From his first feature film The Last House On The Left as writer, director and editor in 1972, Craven made his mark as a genre-bending, bracingly innovative horror director with a biting sense of humour. Craven also consistently demonstrated that he was a filmmaker with heart. Among the films that followed The Last House On The Left were The Hills Have Eyes and a sequel, Deadly Blessing (featuring Sharon Stone in her first starring role) and Swamp Thing (based on the comic book).

Craven reinvented the youth horror genre again in 1984 with the now classic A Nightmare On Elm Street, in which he turned Robert Englund into a cult icon with the role of Freddy Krueger. The movie spawned several sequels, none of them directed by Craven, however, he deconstructed the genre a decade after the original, writing and directing the audacious Wes Craven’s New Nightmare, which was nominated for Best Feature at the 1995 Independent Spirit Awards.

In 1996 Craven experienced yet another rebirth in horror with the release of Scream, which he directed from a script by Kevin Williamson. Scream sparked multiple sequels and spoofs.

One of the last projects Craven worked on was MTV’s series adaptation of Scream, on which he served as executive producer. The series was recently renewed for a second season. “Wes Craven was a tremendous visionary whose sensibility for scares has connected with generations of MTV fans,” MTV said in a statement. “We are honored to have worked with him and proud to carry on his legacy with Scream. Our hearts go out to his family and friends.”

Craven took a breather from horror between Scream 2 and Scream 3, when he seized an opportunity to direct a non-genre film for Miramax, Music Of The Heart (1999), which earned star Meryl Streep an Academy Award nomination for Best Actress. That same year he completed his first novel, The Fountain Society, published by Simon & Shuster.

Craven continued to stretch his creative boundaries with the 2005 thriller Red Eye, starring Rachel McAdams, Cillian Murphy and Brian Cox. The following year he switched gears again to write and direct a romantic comedy homage to Oscar Wilde featuring Emily Mortimer and Rufus Sewell as a segment in the popular French ensemble anthology Paris Je T’aime.

He then returned to horror as producer of remakes of two of his earlier films, The Hills Have Eyes (2006) and The Last House On The Left (2009). Craven’s most recent written and directed film, My Soul To Take (2010), once again brought together a cast of up-and-coming actors.
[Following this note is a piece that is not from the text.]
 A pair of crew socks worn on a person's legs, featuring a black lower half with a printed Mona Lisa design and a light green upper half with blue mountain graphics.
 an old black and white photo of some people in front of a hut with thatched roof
It marked Craven’s first collaboration with wife and producer Iya Labunka, who also produced Scream 4, which reunited Craven with screenwriter Williamson, as well as with stars Neve Campbell, Courteney Cox and David Arquette, joined by newcomers Emma Roberts and Hayden Pannetierre.

Remaining creatively engaged and active until his death, Craven had signed an overall TV deal with Universal Cable Productions. He had a number of projects in development including The People Under The Stairs and We Are All Completely Fine with Syfy, Disciples with UCP, and Sleepers with Federation Entertainment.
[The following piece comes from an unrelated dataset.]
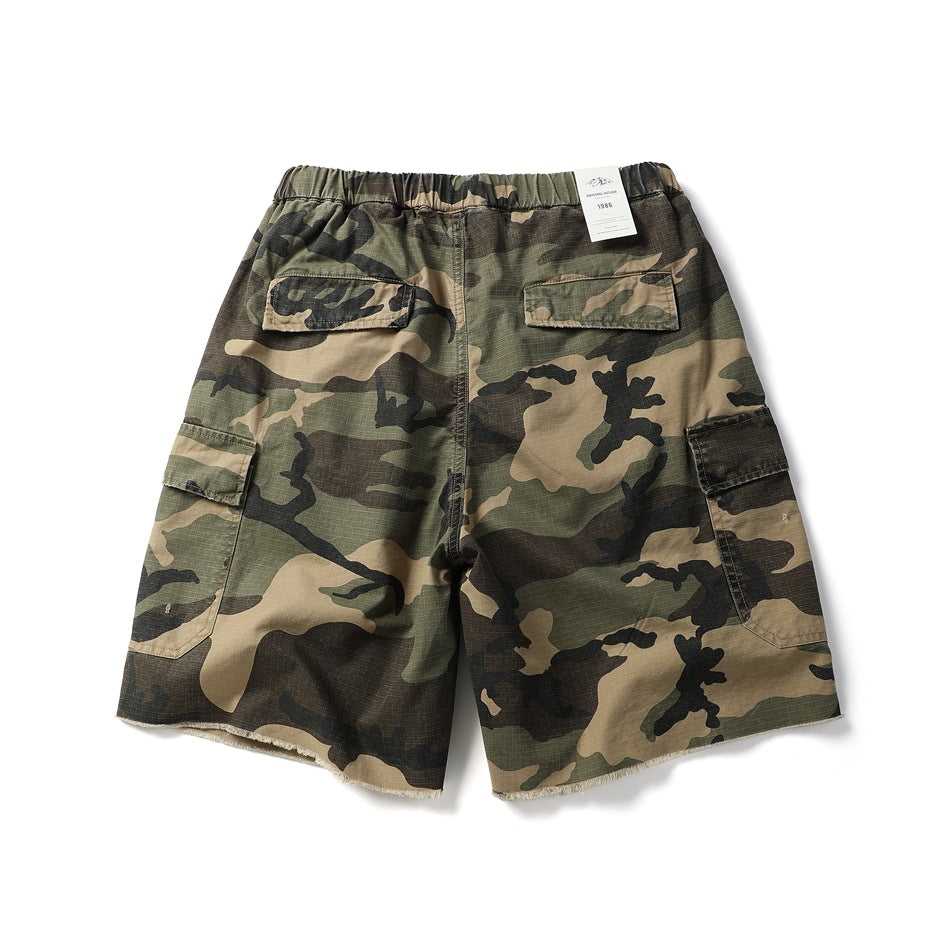 Back view of camouflage cargo shorts with an elastic waistband, flap pockets, and raw-cut hems.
Craven also recently wrote and was scheduled to direct the “Thou Shalt Not Kill” segment for The Weinstein Company/WGN’s Ten Commandments miniseries. Additionally he was working on a graphic novel series based on his original idea “Coming Of Rage” for Liquid Comics in collaboration with Steve Niles.
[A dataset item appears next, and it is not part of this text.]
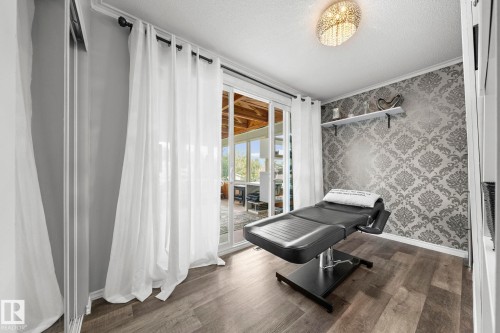 Sliding glass door, wood-finish flooring, accent wall with patterned wallpaper, built-in shelving, and a decorative ceiling light fixture - 11119 31St Nw Nw, Edmonton, AB - Indoor Photo Showing Other Room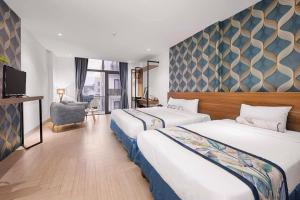 Postel nebo postele na pokoji v ubytování Essenza Hotel Đà Nẵng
Craven was an executive producer of the upcoming feature The Girl In The Photographs, which will premiere next month the 2015 Toronto Film Festival.

A native of Cleveland, Ohio, Craven was a nature lover and committed bird conservationist, serving as a long-time member of the Audubon California Board of Directors. A longtime summer resident of Martha’s Vineyard, he had moved there permanently three years ago before returning to Los Angeles for work and health reasons.